The clock tower was part of Charles Barry’s design for a new palace after the original Palace of Westminster was destroyed by fire in 1834. Barry enlisted the help of Augustus Pugin, an architect renowned for his Gothic Revival designs, to create the detailed Gothic aesthetics of the tower. The tower stands at an imposing height of 316 feet, making it a prominent feature of the London skyline.

The clock itself was designed by Edmund Beckett Denison, a lawyer and amateur horologist, in collaboration with George Airy, the Astronomer Royal. The clock mechanism was constructed by Edward John Dent, and after his death in 1853, it was completed by his stepson, Frederick Dent. One of the most remarkable features of the clock is its accuracy, which was ensured by a gravity escapement designed by Denison. This innovation allowed the clock to remain precise despite external factors such as wind or the movement of the tower.

The Great Bell, known as Big Ben, weighs a massive 13.5 tons and is 7 feet 2 inches tall with a diameter of 9 feet. The bell was cast at the Whitechapel Bell Foundry, and it took several attempts to achieve the desired sound and durability. The first bell cast for the tower cracked during testing and had to be recast. The second bell, which also cracked shortly after installation, was repaired by turning it a quarter turn and using a lighter hammer to strike it. This solution allowed Big Ben to produce its distinctive chime that has been heard around London for over a century and a half.

The clock began keeping time on May 31, 1859, and Big Ben chimed for the first time on July 11 of the same year. The accuracy and reliability of the clock were immediately apparent, earning it a reputation as one of the most reliable timekeeping devices in the world. The clock’s four faces are made of iron frames filled with opal glass, and each face is 23 feet in diameter. The minute hands are 14 feet long, and the hour hands are 9 feet long, allowing the time to be read from a considerable distance.

Over the years, Big Ben has become more than just a timekeeping device; it has evolved into a symbol of British resilience and tradition. During World War II, despite the heavy bombing of London, Big Ben continued to chime, providing a sense of continuity and hope to the beleaguered city. The chimes of Big Ben have also been broadcast by the BBC since 1923, marking the start of the New Year and other significant events in the UK.

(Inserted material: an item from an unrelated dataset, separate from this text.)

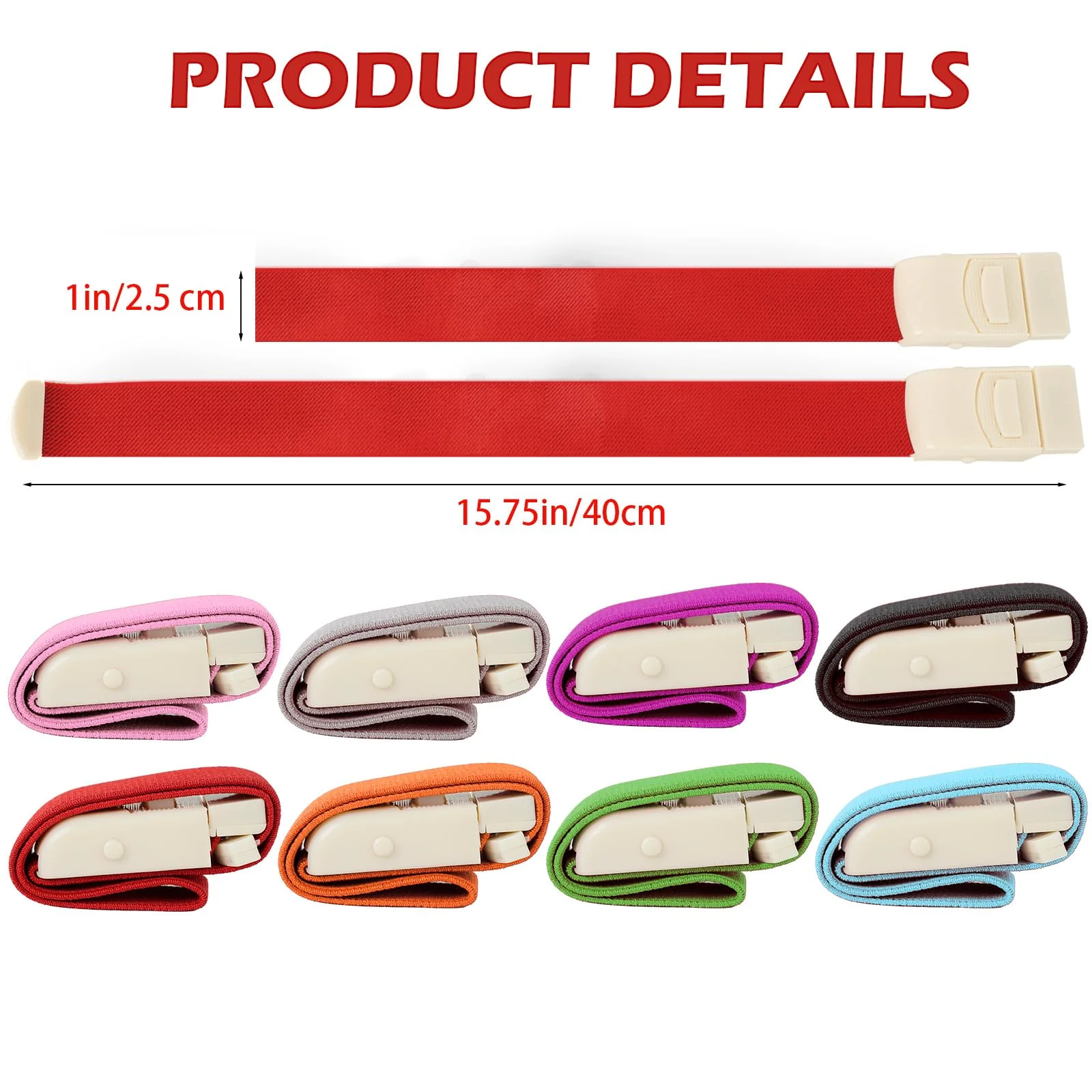 8 Piece Storage Tube Blood Collection Set Tourniquet Holster, 8 Colours Storage Hose with Buckle, Personalised Blood Collection Vein Trap for Nurses, Easy to Use - Image 2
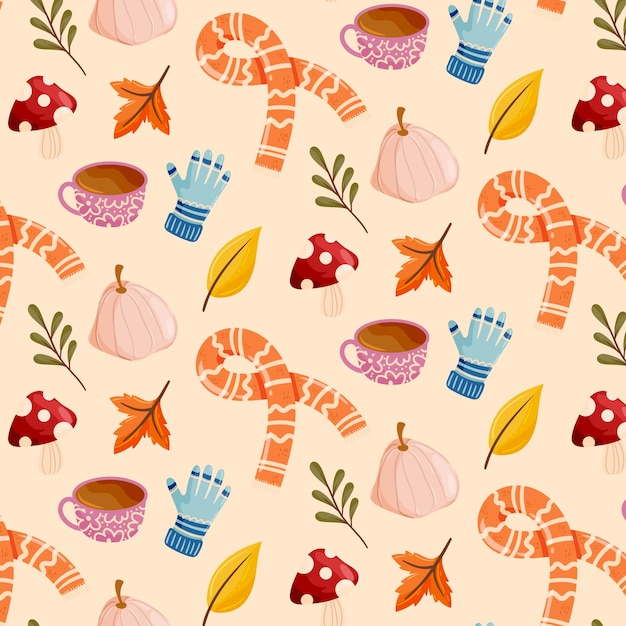 Flat pattern design for autumn season celebration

In 2012, the clock tower was renamed Elizabeth Tower in honor of Queen Elizabeth II’s Diamond Jubilee. Despite the name change, the structure is still popularly known as Big Ben. The tower has undergone several restorations over the years, with the most recent renovation beginning in 2017 and completed in 2022. These efforts have ensured that Big Ben continues to function accurately and remain an enduring landmark.